PROBLEM STATEMENT ->
Repeat the lines from the one containing "Vente Maison 5" through the last line of the data, exactly, pictures omitted.

......

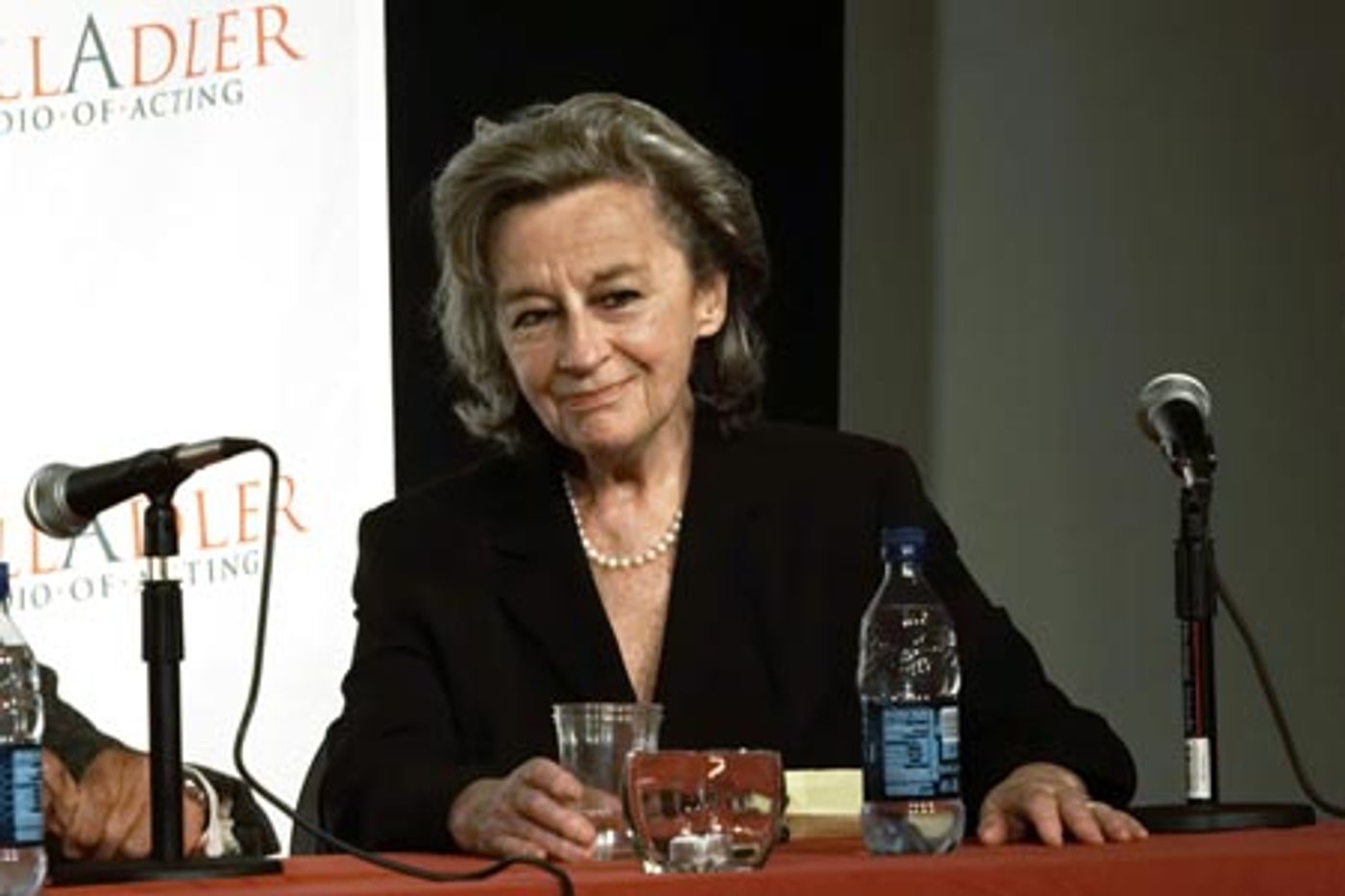 Photo Coverage: Harold Clurman Festival Opens  Image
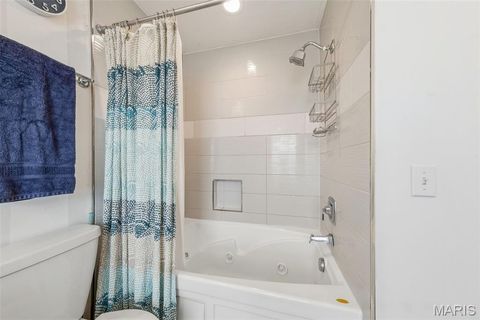 Tiny photo for 8 Westglen Court, St Peters, MO 63376 (MLS # 26018336)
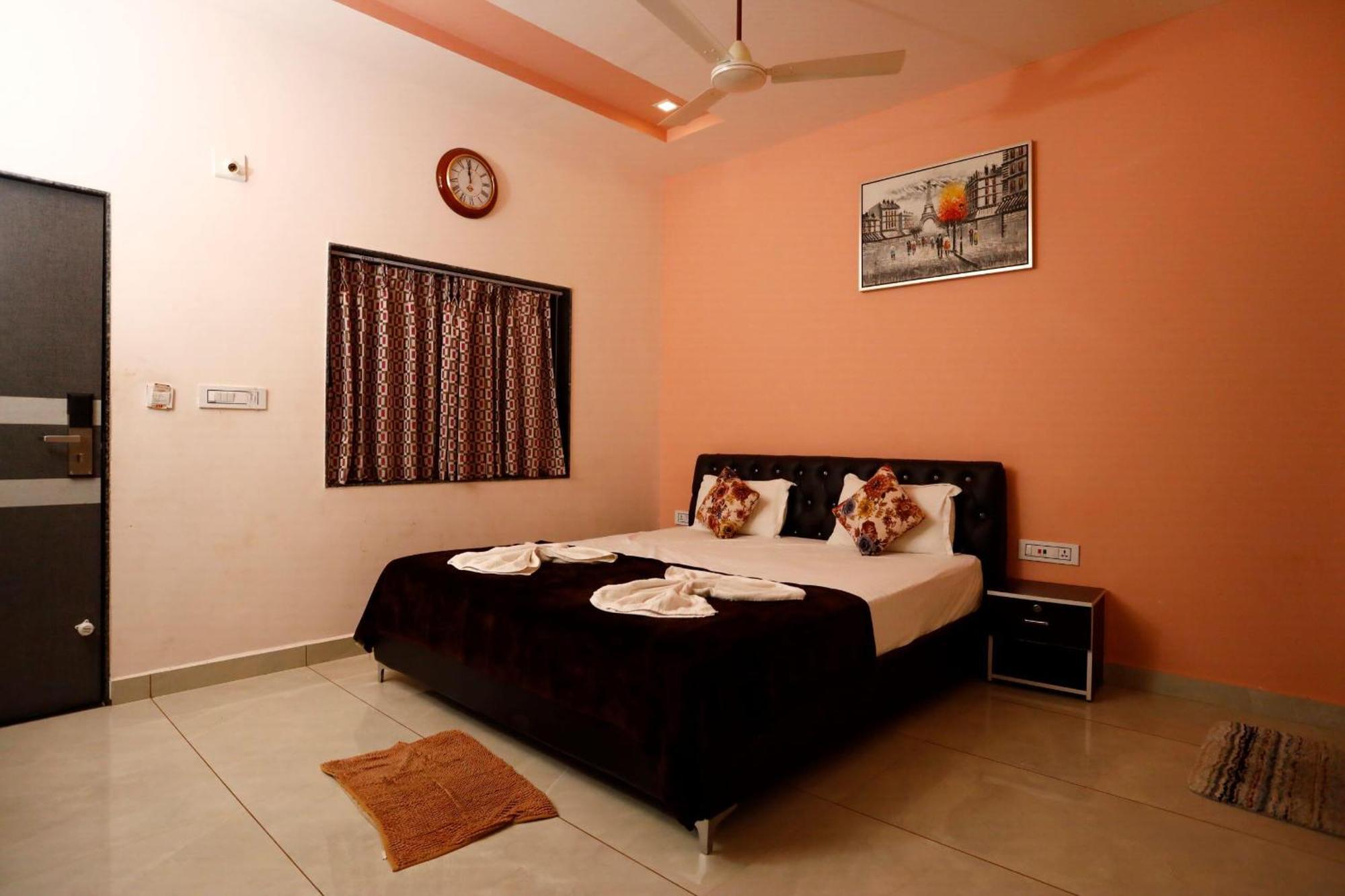 Heeran Re-Treat Resort Sasan Gir Exterior photo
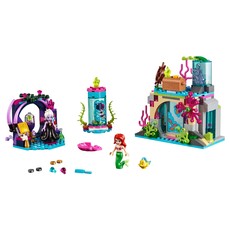 Ariel and the Magical Spell (set 41145-1)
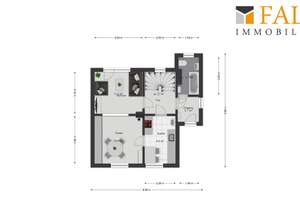 RESERVIERT! Familienglück im Norden von Erfurt: 5 Zimmer, Garten, Sonne, Zukunft, voll unterkellert – Die vollständige Adresse der Immobilie erhältst du vom Anbieter., 99087 Hohenwinden, Erfurt – Vorschaubild 17
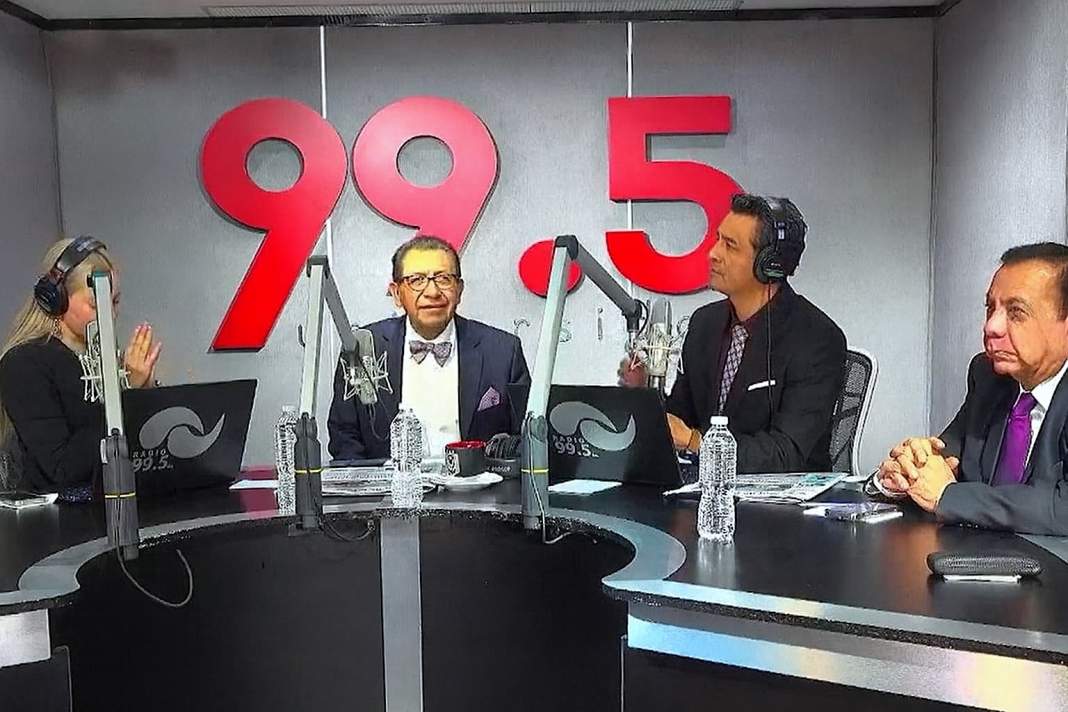 Radio Universidad UATx celebra 24 años llevando conocimiento y cultura a Tlaxcala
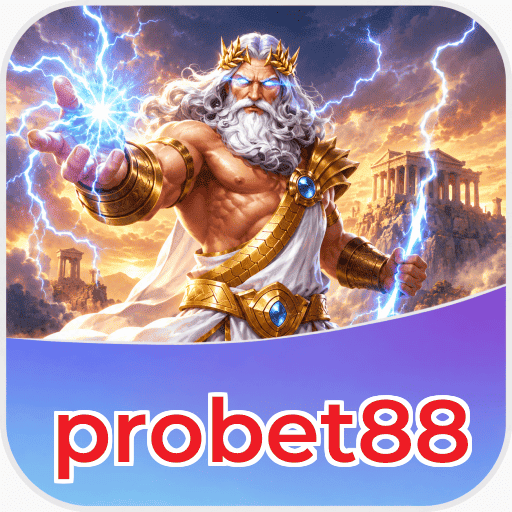 Logo probet88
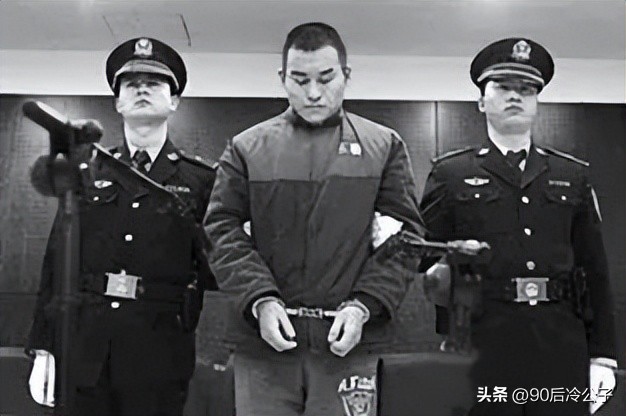 贪污判死刑死缓终身监禁的区别,到底是死刑残忍还是终身监禁残忍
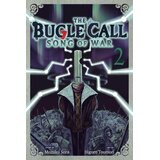 HarperCollins Publishers Mozuku Sora - The Bugle Call: Song of War, Vol. 2 Cene
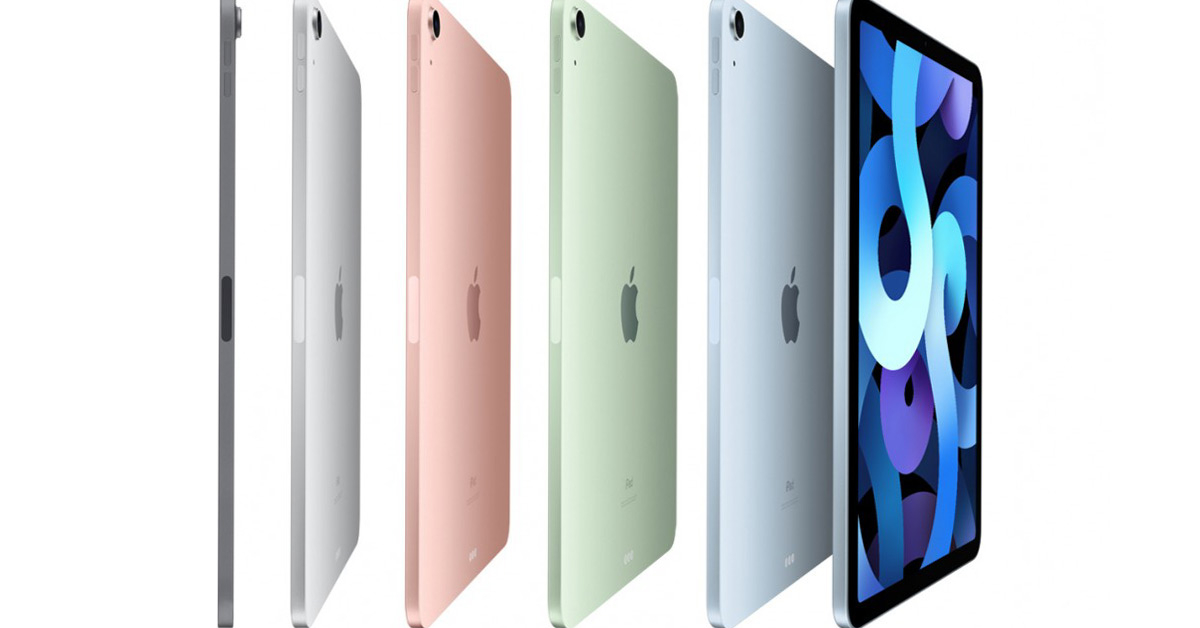 นักวิเคราะห์ชี้ ปีหน้า Apple จะเปิดตัว iPad Pro ที่รองรับชาร์จไร้สาย และจะเปิดตัว iPad Air และ iPad Gen 10 ด้วย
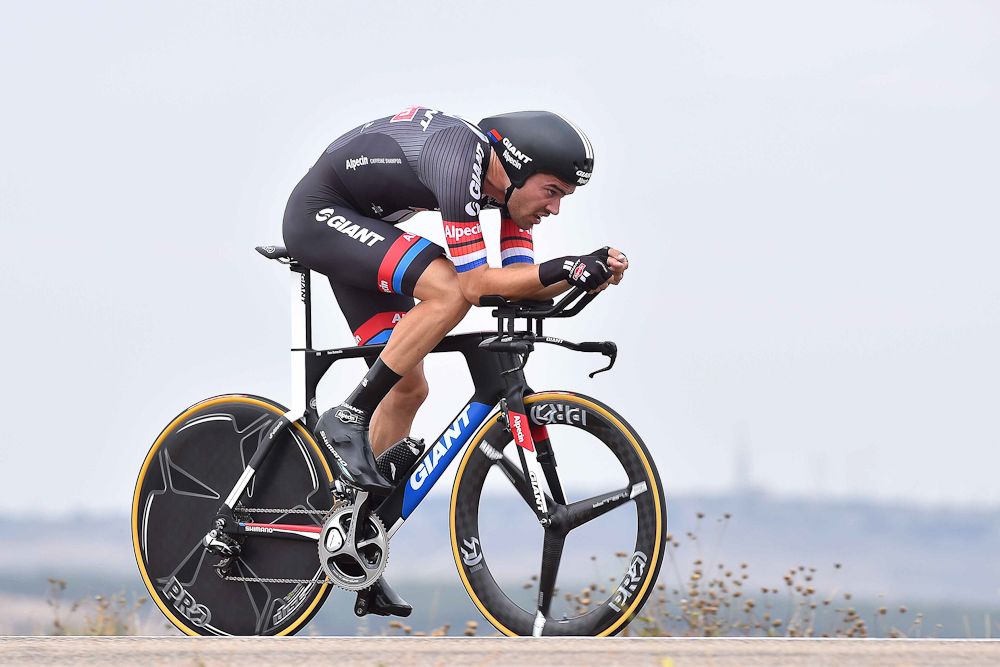 Tom Dumoulin (Giant-Alpecin)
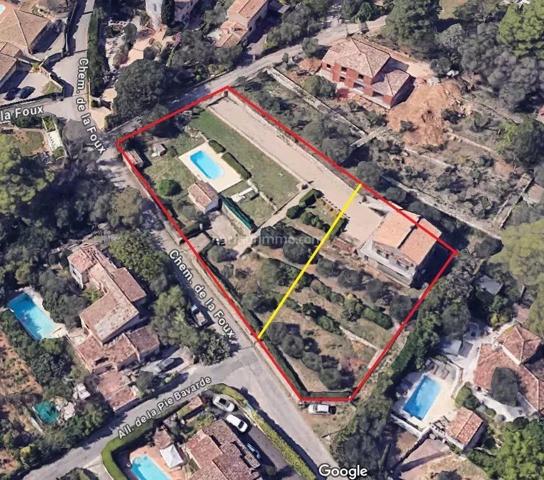 Vente Maison 5 pièces 142 m2 à Mouans-Sartoux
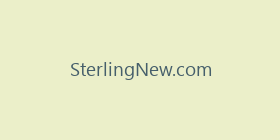 SterlingNew.com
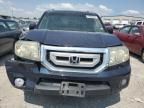 2011 Honda Pilot EXL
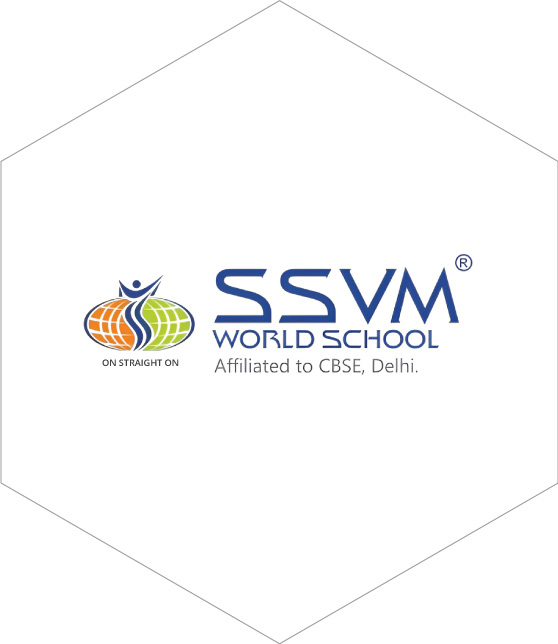 School logo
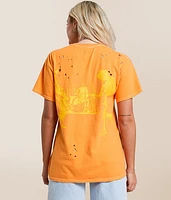 Nirvana Band T-Shirt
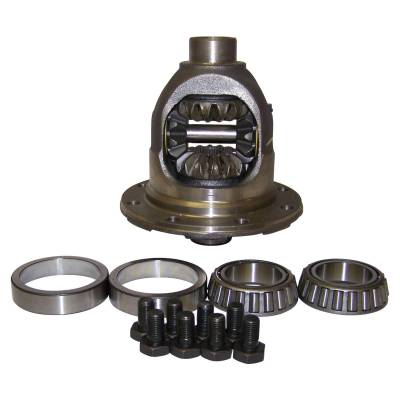 Crown Automotive Jeep Replacement - Crown Automotive 5066480AA Differential Case for Jeep Liberty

......

OUTPUT ->
 Vente Maison 5 pièces 142 m2 à Mouans-Sartoux
 SterlingNew.com
 2011 Honda Pilot EXL
 School logo
 Nirvana Band T-Shirt
 Crown Automotive Jeep Replacement - Crown Automotive 5066480AA Differential Case for Jeep Liberty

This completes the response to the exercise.